When you try to pack too much into an already busy time, some things inevitably fall through the cracks. If you're in Congress and you've just rushed to push through massive tax reform, it might mean that millions of American kids will lose their health insurance come January. It's looking increasingly certain that there will not be a vote on CHIP until 2018, the Children's Health Insurance Program that provides coverage for 9 million American children.
This basically boils down to what each party wants to include in its emergency spending bill that Congress is set to vote on this Friday. While Democrats have been pressuring their GOP counterparts to include funding for CHIP in the bill, Republicans have indicated that they want to wait until next year. And according to The New York Times, both parties are blaming each other for not being able to agree on funding CHIP.
Sen. Bob Casey (D-Pa.) told parents on Tuesday that some of his colleagues were "obsessed" about passing the tax bill, according to the Times.

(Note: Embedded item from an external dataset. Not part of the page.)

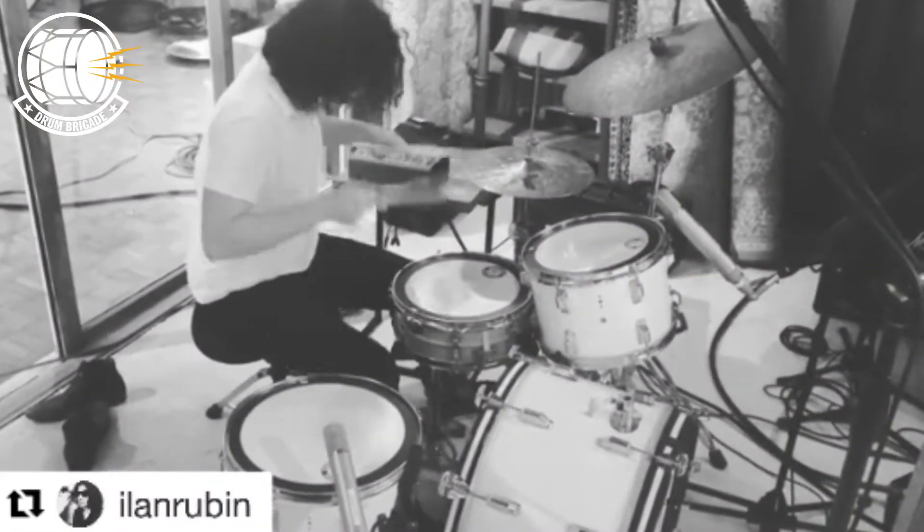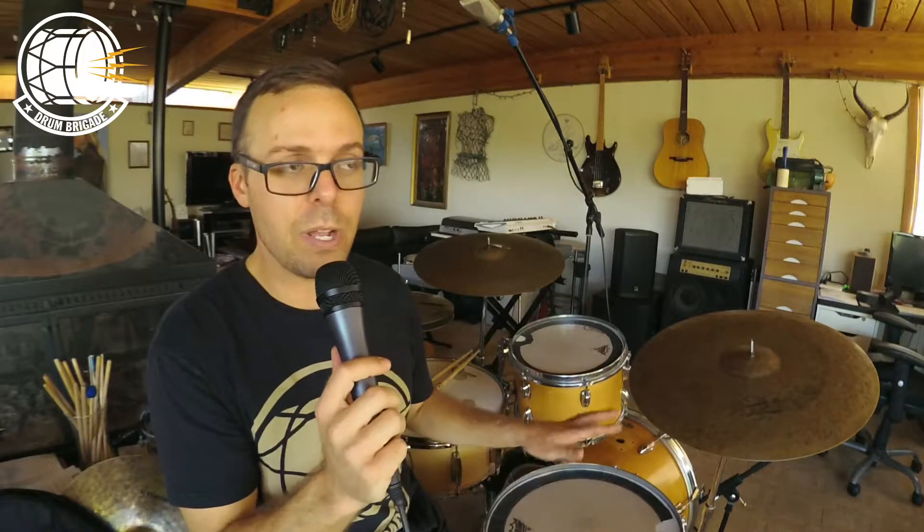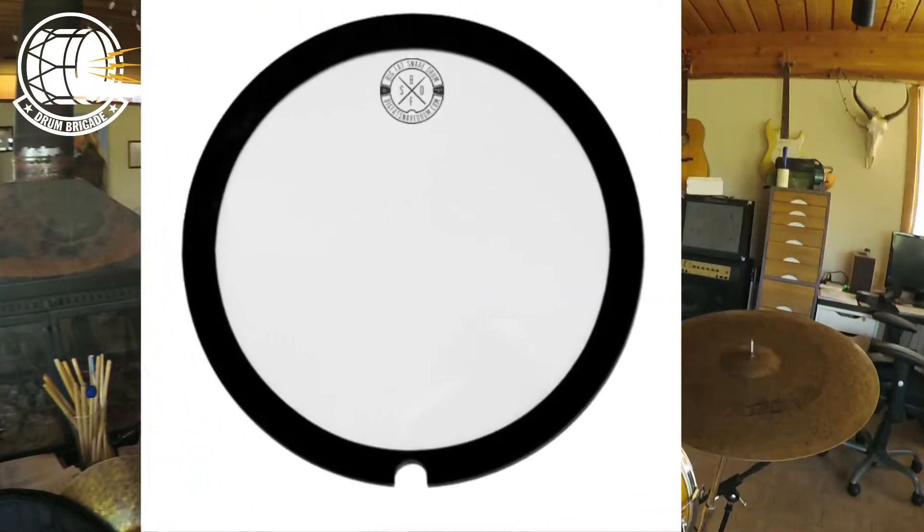So this morning I got up and I saw this clip on Instagram posted by Ilan Rubin, drummer extraordinaire, multi-instrumentalist. Go follow him, he's awesome. He posted this video where he was demonstrating the tone you get with Big Fat Snare Drum products.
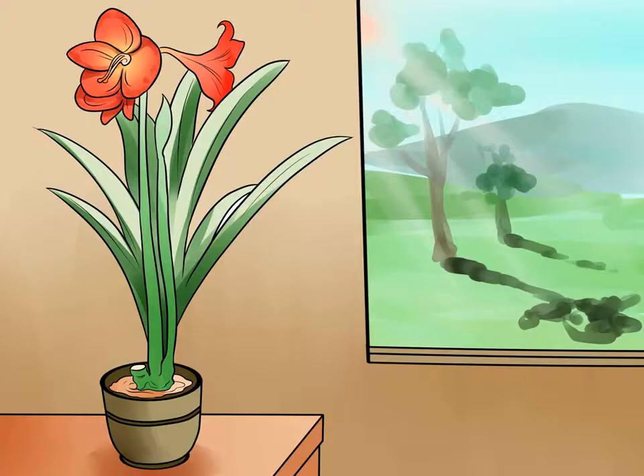Move the amaryllis to an area with bright indirect light. Most people with amaryllis plants keep them indoors while they bloom in winter. If this is the case, move the plant to a windowsill with indirect sunlight to let it adjust to increased sunlight. Pick a spot that is bright and receives lots of sunlight, but not by direct exposure. In the northern hemisphere, north and east-facing windows receive indirect sunlight. In the southern hemisphere, south and east-facing windows do.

They think it's the most important thing in the world. But, my God, if you can spend months and weeks making sure that the corporate tax rate is just where it needs to be, so that you can satisfy corporate leaders, if you can tinker with that, and have tax breaks for the superrich, if you can work that hard, why is it so hard to get a bipartisan children's health insurance bill done?
CHIP has essentially been running on fumes — specifically, on limited state funding — since October, when Congress failed to renew it in September. The program has the rare support of both parties, yet discussions to renew it got lost first in the push to repeal Obamacare, and most recently as lawmakers tussled over the tax reform bill. Now, months later, state CHIP programs are running out of money, threatening to cut millions of kids off of the coverage that is, in some cases, literally keeping them alive. If Congress doesn't add funding for CHIP to the emergency spending bill that needs to pass by Friday at midnight in order to avoid a government shutdown, multiple states will simply have to shut down their programs.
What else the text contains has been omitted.